A fact in no way disposing me, however, to overlook a striking gap in the book’s otherwise excellent index: The lack of any entry for “truth, definition of.” Contacting Ophelia Benson recently for an e-mail interview, that seemed like the place to start.
Q: What is truth? Is there more than one kind? If not, why not?
A: I'll just refer you to jesting Pilate, and let it go at that!
Q: Well, the gripe about jesting Pilate is that "he would not stay for the answer." Whereas I am actually going to stick around and press the point. Your book pays tribute to the human capacity for finding truth, and warns against cultural forces tending to undermine or destroy it. So what's the bottom-line criterion you have in mind for defining truth?
A: It all depends, as pedants always say, on what you mean by "truth." Sure, in a sense, there is more than one kind. There is emotional truth, for instance, which is ungainsayable and rather pointless to dispute. It is also possible and not necessarily silly to talk about somewhat fuzzy-bordered kinds such as literary truth, aesthetic truth, the truth of experience, and the like.
The kind of truth we are concerned with in the book is the fairly workaday, empirical variety that is (or should be) the goal of academic disciplines such as history and the sciences. We are concerned with pretty routine sorts of factual claim that can be either supported or rejected on the basis of evidence, and with arguments that cast doubt on that very way of proceeding.
Q: Is anybody really making a serious dent in this notion of truth? You hear all the time that the universities are full of postmodernists who think that scientific knowledge is just a Eurocentric fad, and therefore people could flap their wings and fly to the moon if they wanted. And yet you never actually see anyone doing that. At least I haven't, and I go to MLA every year.
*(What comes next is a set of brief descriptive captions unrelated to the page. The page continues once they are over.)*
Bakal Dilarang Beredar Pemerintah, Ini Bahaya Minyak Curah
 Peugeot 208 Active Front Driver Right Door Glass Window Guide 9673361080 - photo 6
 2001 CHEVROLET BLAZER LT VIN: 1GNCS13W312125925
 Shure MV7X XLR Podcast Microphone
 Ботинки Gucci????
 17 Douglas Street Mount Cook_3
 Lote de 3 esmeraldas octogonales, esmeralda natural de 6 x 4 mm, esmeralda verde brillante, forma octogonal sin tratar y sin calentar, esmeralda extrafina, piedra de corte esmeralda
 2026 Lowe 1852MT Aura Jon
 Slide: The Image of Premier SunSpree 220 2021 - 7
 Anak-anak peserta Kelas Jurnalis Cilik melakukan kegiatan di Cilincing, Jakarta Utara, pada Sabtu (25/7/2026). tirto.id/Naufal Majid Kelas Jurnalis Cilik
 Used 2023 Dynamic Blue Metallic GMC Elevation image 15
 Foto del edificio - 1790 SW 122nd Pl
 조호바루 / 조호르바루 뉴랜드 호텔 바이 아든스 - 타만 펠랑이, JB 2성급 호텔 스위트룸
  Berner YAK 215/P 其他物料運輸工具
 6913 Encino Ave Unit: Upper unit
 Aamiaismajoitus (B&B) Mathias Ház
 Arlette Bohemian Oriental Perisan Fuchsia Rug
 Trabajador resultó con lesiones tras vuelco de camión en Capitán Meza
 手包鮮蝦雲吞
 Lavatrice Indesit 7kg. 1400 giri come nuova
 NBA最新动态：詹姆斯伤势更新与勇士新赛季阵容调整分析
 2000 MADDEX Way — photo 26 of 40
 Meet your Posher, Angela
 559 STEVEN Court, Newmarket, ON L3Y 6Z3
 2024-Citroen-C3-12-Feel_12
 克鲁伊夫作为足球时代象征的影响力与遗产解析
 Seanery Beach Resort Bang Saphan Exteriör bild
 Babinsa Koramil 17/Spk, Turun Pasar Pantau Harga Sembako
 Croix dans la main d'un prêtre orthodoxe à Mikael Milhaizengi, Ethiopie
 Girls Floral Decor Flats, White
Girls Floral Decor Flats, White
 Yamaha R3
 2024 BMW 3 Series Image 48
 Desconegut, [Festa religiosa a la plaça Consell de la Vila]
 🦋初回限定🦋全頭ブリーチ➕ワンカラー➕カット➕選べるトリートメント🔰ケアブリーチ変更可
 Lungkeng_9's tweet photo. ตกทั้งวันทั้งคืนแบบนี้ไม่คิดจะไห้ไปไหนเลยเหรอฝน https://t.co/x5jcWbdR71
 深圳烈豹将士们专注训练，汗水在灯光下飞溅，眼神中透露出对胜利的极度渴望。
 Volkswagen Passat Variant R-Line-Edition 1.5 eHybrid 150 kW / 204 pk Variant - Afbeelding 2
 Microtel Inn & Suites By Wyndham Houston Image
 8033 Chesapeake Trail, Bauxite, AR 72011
A: Of course, there is no shortage of wild claims about what people get up to in universities. Such things make good column fodder, good talk show fodder, good gossip fodder, not to mention another round of the ever-popular game of "Who's Most Anti-Intellectual?" But there are people making some serious dents in this notion of truth and of scientific knowledge, yes. That's essentially the subject matter of Why Truth Matters: the specifics of what claims are being made, in what disciplines, using what arguments.
There are people who argue seriously that, as Sandra Harding puts it, the idea that scientific "knowers" are in principle interchangeable means that "white, Western, economically privileged, heterosexual men can produce knowledge at least as good as anyone else can" and that this appears to be an antidemocratic consequence. Harding's books are still, despite much criticism, widely assigned. There are social constructionists in sociology and philosophy of science who view social context as fully explanatory of the formation of scientific belief and knowledge, while excluding the role of evidence.
There are Afrocentric historians who make factual claims that contradict existing historical evidence, such as the claim that Aristotle stole his philosophy from the library at Alexandria when, as Mary Lefkowitz points out, that library was not built until after Aristotle's death. Lefkowitz was shocked to get no support from her colleagues when she pointed out factual errors of this kind, and even more shocked when the dean of her college (Wellesley) told her that "each of us had a different but equally valid view of history." And so on (there's a lot of the "so on" in the book).
That sort of thing of course filters out into the rest of the world, not surprisingly: People go to university and emerge having picked up the kind of thought Lefkowitz's dean had picked up; such thoughts get into newspaper columns and magazine articles; and the rest of us munch them down with our cornflakes.
We don't quite think we could fly to the moon if we tried hard enough, but we may well think there's something a bit sinister and elitist about scientific knowledge, we may well think that oppressed and marginalized groups should be allowed their own "equally valid" view of history by way of compensation, we may well think "there's no such thing as truth, really."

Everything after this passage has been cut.